Monday 24th of May 2021

Hi ! I can't find surfskate where i leave (no stock) and hardly can't deliver (remote island...) but yhe skateshop have a couple of YOW boxes (s4 or s5, i don't know). Will it fit my Long Island bamboo fish cruiser ? It's a 28" board with a 20" wheelbase and a RKP trucks, and i don't know if i can use a RKP on a YOW ! Thank's for helping

Tom Richardson

Wednesday 6th of January 2021

Hi BK,

Another admirer of your post and info here. I'm in the UK and looking to get a low cost surf trainer. Have you come across the Two Bare Feet 360 trucks? I've also looked at D Street, NKX and Mindless. Any thoughts on any of those systems?

Cheers,

Tom

Big Kahuna

Wednesday 6th of January 2021

Hey Tom, the only one in the list I've seen is the Mindless, decent quality looking, turns well, works well for kids, can't say anything about heavier riders though. I'd be a bit skeptical about the Two Bare Feet because of the low price - you generally get what you pay for when it comes to surf skates, cheap stuff can even be dangerous.
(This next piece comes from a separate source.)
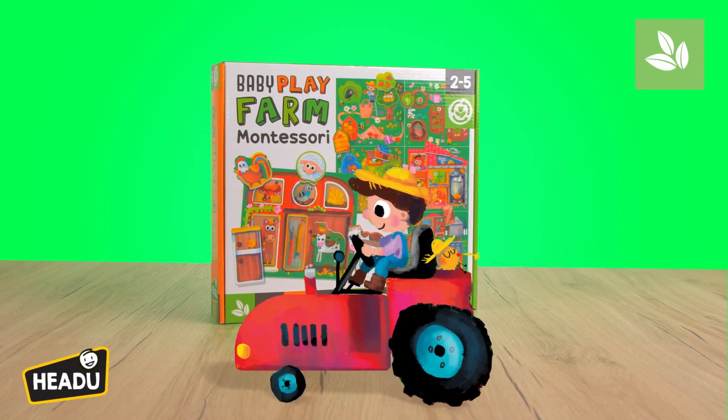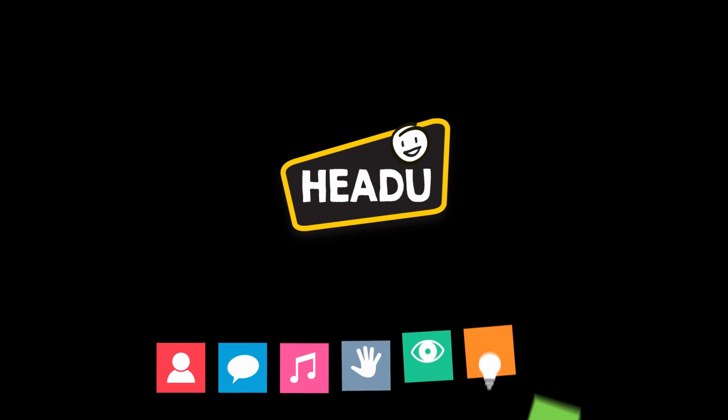Develop naturalistic intelligence with Baby Play Farm. What intelligence are you?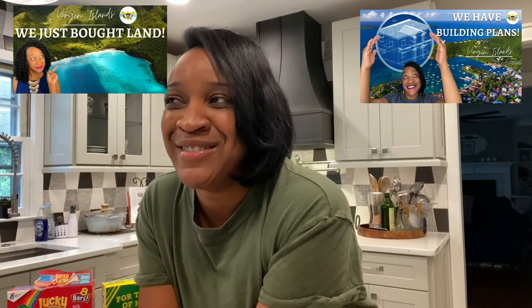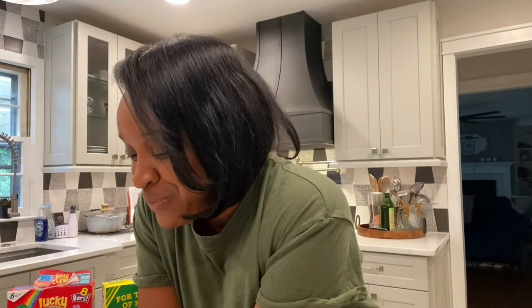Hey guys, I am back again for part three of my series on us building our vacation home in the Virgin Islands on St. John's. If you're new here, I've been documenting our journey as far as how we bought land and how we are building our home. If you haven't watched part one or part two, definitely check those out — I'm going to link them here.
The cheapest board I have is the Flow, around $160 list price. You may be better off with a used Carver or YOW. Just my 2c. Ride on!

Alexander Saner

Monday 11th of May 2020

Hi there, this is a great site and a wonderful resource on surfskating. I noticed the Hamboards HST trucks are missing from this overview, why's that? What is your view on Hamboards and their HST truck? Is it a surfskate truck comparable to the others listed above, what are the ups and downs? Many thanks

Big Kahuna

Monday 11th of May 2020

Hey Alexander, I do have a post on Hamboards, you can check it out here. Ride on!

Thomas

Friday 24th of January 2020

Is there any option to combine a classic 40' Drop-Through longboard with Slide or Carver CX surf -trucks?

Big Kahuna

Friday 24th of January 2020

hum never tried a surf truck on a drop-through personally, maybe others can chime in on this

Daniel

Thursday 23rd of January 2020

Hi, very nice article. I tried a Carver C7 a few days ago and it made me wanna surfskate as well. I am 41 years old and started longboarding a year ago without much skate-experience before. So i wonder if putting the slide surftrucks on my landyachtz ripple ridge would be a good option or if I should rather go for a slide complete board...

Big Kahuna

Friday 24th of January 2020

Hey Daniel, haven't tried the Ripple Ridge but it looks similar in size and shape to my Loaded Poke, which works really great with the Carver CX truck. So I don't see any reason why the Slide truck wouldn't work with your Ripple Ridge. Like other surfskates, the Slide decks are typically wider and have less concave than most commuters and city slashers, which gives them a slightly different feel for surf carving and pumping. It really depends on the type of riding you want to do, if you want easy pumping and tight turns, your deck combined with a slide truck (possibly with risers) and a set of wide 70mm wheels should work great. If you want something closer to the surfing feel, on the other, a Slide complete would probably be a better choice. Ride on!